Please retype exactly the lines from the one containing "Diamond Plaid Vest" through the end of the records, leaving out the pictures.

Dataset records.
Start of Block
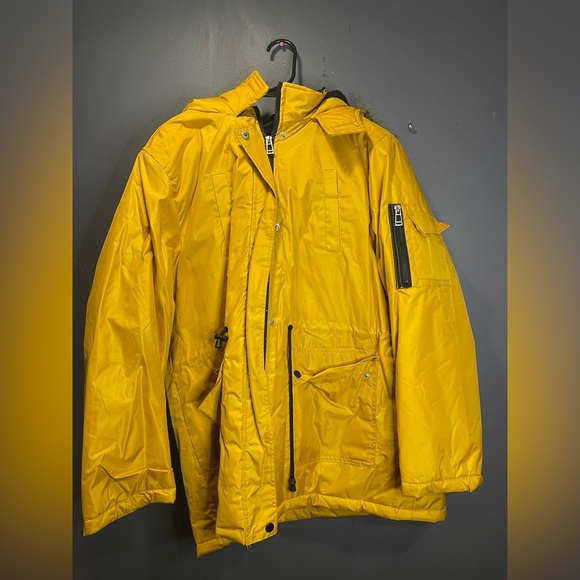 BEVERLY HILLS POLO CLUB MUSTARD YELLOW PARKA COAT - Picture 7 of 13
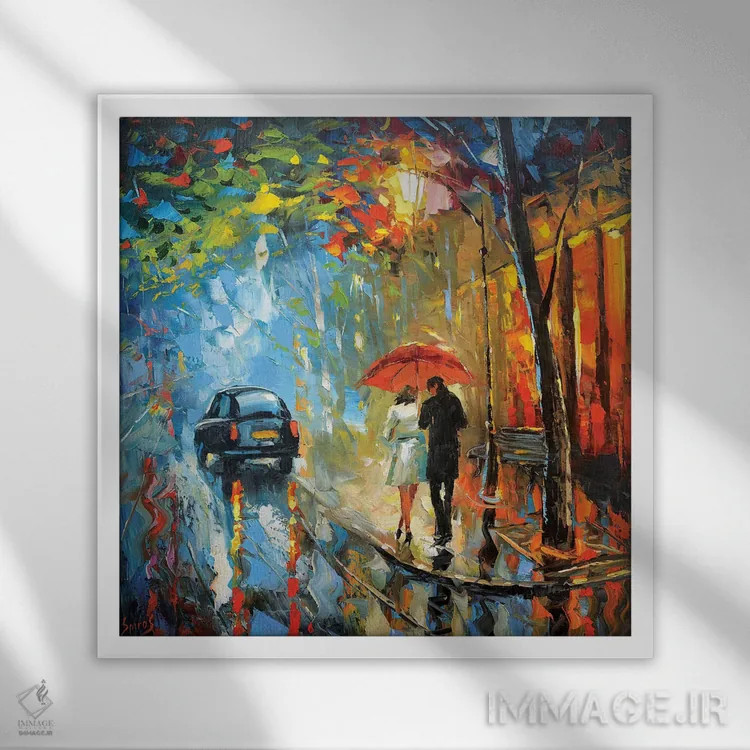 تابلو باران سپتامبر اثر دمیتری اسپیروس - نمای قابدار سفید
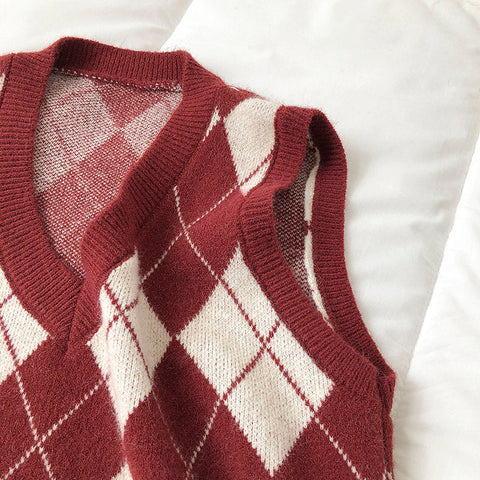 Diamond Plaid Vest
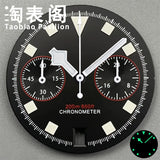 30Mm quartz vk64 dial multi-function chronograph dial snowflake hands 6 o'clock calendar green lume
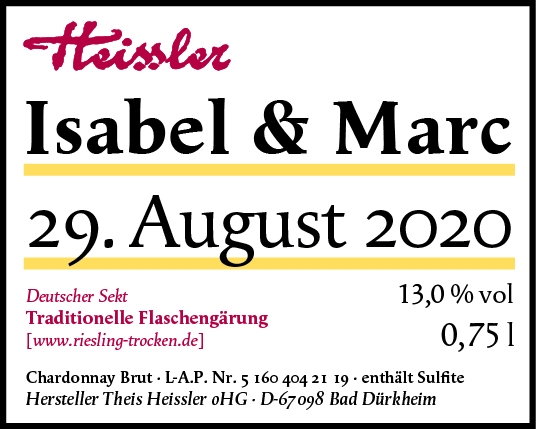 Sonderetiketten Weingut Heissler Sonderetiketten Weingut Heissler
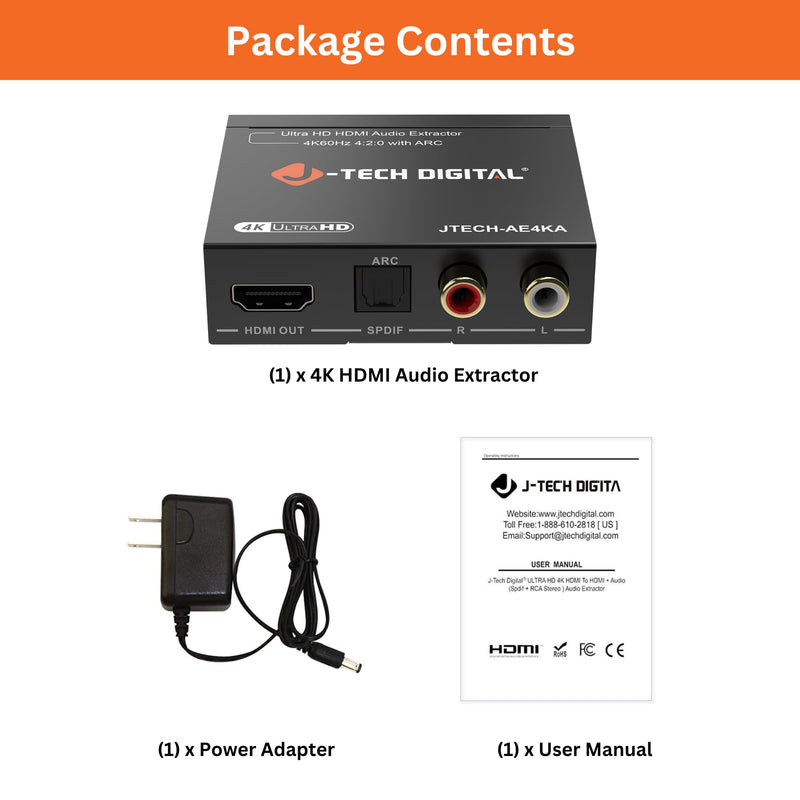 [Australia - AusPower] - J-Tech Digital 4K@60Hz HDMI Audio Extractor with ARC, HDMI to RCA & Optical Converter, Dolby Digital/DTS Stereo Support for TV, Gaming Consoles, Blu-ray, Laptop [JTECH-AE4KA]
End of Block
Exercise solution.
 Diamond Plaid Vest
 30Mm quartz vk64 dial multi-function chronograph dial snowflake hands 6 o'clock calendar green lume
 Sonderetiketten Weingut Heissler Sonderetiketten Weingut Heissler
 [Australia - AusPower] - J-Tech Digital 4K@60Hz HDMI Audio Extractor with ARC, HDMI to RCA & Optical Converter, Dolby Digital/DTS Stereo Support for TV, Gaming Consoles, Blu-ray, Laptop [JTECH-AE4KA]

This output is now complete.